**What you should do**
Your task is to copy every line of the entries that contains "Women".

**Provided information**
+ + + + +

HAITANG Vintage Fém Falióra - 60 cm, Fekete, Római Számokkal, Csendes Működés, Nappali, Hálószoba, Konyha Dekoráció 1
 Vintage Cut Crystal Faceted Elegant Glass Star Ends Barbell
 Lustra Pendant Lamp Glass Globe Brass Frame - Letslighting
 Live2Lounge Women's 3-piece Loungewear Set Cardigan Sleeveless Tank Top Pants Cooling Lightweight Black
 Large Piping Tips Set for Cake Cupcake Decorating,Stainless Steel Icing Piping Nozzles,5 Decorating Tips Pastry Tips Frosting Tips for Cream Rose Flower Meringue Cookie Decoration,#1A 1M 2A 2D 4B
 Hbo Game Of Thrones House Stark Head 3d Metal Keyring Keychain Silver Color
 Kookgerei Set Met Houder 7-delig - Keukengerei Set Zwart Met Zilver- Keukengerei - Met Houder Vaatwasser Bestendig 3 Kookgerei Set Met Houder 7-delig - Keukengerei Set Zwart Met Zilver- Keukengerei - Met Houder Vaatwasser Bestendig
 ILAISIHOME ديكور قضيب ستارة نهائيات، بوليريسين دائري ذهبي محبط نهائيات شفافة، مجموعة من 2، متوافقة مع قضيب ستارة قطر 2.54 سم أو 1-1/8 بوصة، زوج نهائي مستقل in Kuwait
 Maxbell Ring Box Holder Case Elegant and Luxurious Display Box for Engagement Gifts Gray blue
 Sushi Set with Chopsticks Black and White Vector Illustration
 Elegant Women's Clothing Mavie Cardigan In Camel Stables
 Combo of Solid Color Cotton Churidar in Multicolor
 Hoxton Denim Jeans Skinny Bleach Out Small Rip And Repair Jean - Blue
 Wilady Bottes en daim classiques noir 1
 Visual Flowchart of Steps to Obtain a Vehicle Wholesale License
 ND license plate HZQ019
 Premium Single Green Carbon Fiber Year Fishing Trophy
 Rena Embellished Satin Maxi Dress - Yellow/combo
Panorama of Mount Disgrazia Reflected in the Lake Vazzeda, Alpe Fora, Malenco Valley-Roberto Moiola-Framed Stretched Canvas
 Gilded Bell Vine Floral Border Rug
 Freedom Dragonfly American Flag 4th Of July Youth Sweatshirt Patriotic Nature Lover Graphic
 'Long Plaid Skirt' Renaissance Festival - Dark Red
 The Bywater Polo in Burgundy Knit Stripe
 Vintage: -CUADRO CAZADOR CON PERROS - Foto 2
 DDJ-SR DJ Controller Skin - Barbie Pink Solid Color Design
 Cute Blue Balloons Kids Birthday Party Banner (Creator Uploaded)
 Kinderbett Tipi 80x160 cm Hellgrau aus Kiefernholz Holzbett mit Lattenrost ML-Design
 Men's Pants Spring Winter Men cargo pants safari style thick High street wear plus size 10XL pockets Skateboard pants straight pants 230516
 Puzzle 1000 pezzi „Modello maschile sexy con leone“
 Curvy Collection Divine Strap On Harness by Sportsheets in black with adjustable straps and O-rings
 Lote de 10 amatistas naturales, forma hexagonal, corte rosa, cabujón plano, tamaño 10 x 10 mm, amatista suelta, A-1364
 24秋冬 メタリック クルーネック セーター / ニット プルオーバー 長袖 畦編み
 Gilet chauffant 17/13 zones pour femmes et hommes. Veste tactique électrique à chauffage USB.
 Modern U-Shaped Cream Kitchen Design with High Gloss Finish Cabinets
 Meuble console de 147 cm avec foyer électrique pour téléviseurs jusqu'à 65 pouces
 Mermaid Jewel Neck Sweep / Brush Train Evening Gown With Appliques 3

+ + + + +

**Output for this exercise**
 Live2Lounge Women's 3-piece Loungewear Set Cardigan Sleeveless Tank Top Pants Cooling Lightweight Black
 Elegant Women's Clothing Mavie Cardigan In Camel Stables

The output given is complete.